There were two things of particular note about Freeman's speech. First of all, he at one point totally called someone out for talking, texting, or being otherwise distracted while he was speaking.

Imagine being called out by Morgan Freeman. Just imagine what that must feel like. You know that that person — whoever it was — was wishing they could sink directly into the floor at that point.

And then Freeman called out the entire award show:

"I'm gonna tell you what's wrong with this statue. It works...from the back. From the front, it's gender-specific. Maybe I started something."

via: Getty

Now, in case you're not familiar with the SAG award statuette (called "The Actor"), here's a glimpse of its front.

Mm-hm. Yep. It's not difficult to see what Freeman was referring to in his speech. There's definitely a...um..bulge, there. Is the Screen Actor's Guild implying that all actors are men? And if so...isn't that a problem?
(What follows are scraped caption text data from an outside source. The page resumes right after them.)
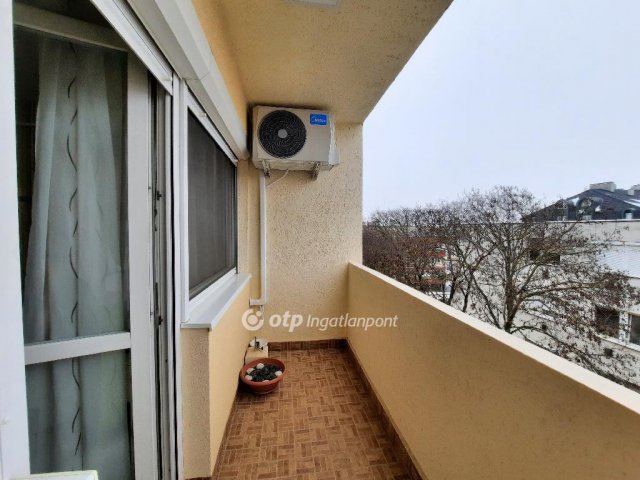 Eladó téglalakás, Siófokon 55.5 M Ft, 2 szobás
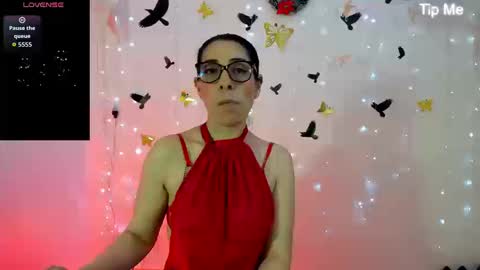 Snapshot of adellelennox_cg chatting on 12.22.25 Adelle online show from 12.22.25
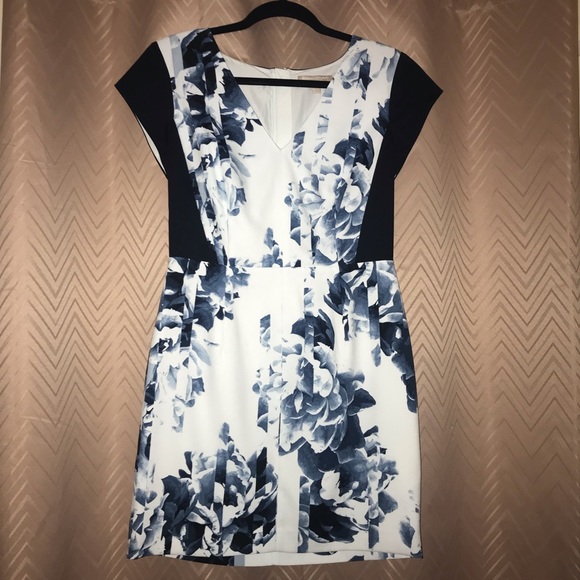 Banana Republic Dresses & Skirts - Banana Republic floral print dress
Because this is the Internet we're talking about, everyone completely understood and agreed with Freeman's statement and had no issues with it at all...
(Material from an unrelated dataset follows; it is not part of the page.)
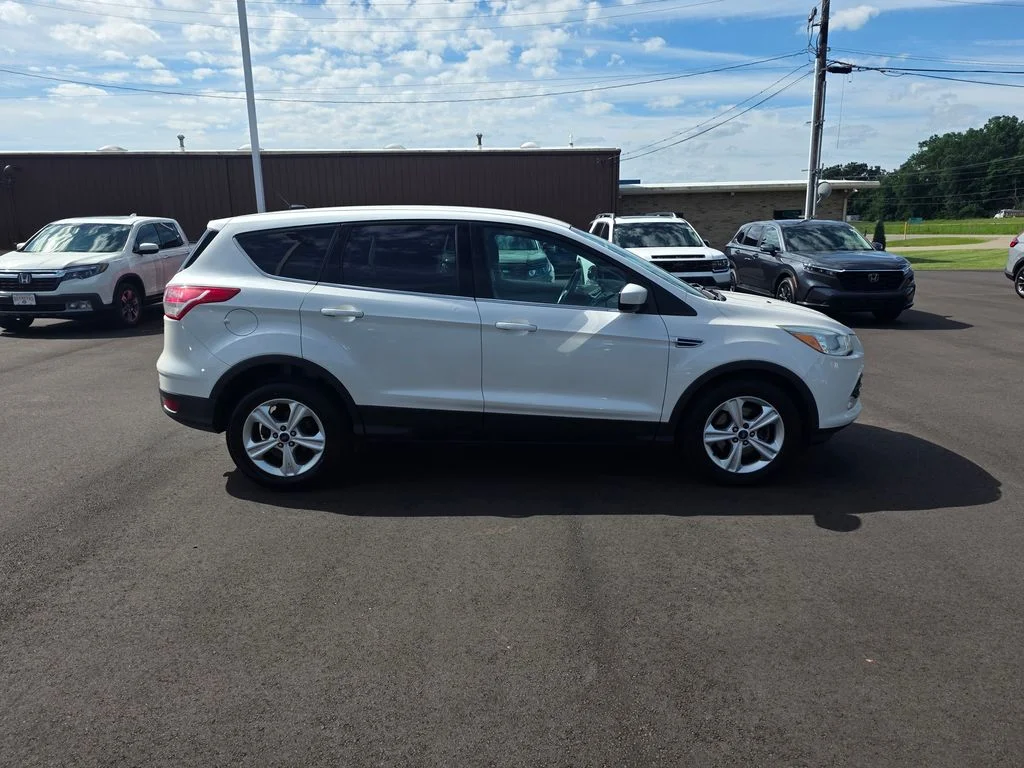 Used 2014 Ford Escape SE with VIN 1FMCU0G98EUA83579 for sale in Dover, OH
Just kidding! People had the exact responses you'd imagine they'd have.

And yeah, it is just a statue. (And there's never been anything wrong with any statues ever before, right?) People who make this argument are missing the bigger point, though.
Every day, women and men and children all over the world are subjected to thousands of images and videos and works of art — everything from the billboards you see on your morning commute to the pre-roll ads on a YouTube video to the commercials that air while you're watching TV — and the images we see, whether we like it or not, can directly influence how we view the world. If you don't see a woman depicted as an actor on the same level as men, you could easily fall prey to the assumption that women simply aren't actors. The statuette is literally called "The Actor," and it is a man. Surely there's room for more representation here, right?

And before you comment, yes, the Emmy statuette is a woman.

Maybe there should be a male version of the Emmy statuette! Or maybe all statuettes should just not have discernible sexes! They don't need to even look like humans. There are plenty of types of art, right? If anyone is bothered by what we're working with now, maybe it's not a totally bonkers idea to try to accommodate them.

Anyway, to all the people who think Freeman's statement is uncalled for, I have three words for you:

He's kind of God, so your point is pretty much invalid. Sorry 'bout it.
The rest of us are happy that Freeman may have "started something." Now, what else can we start?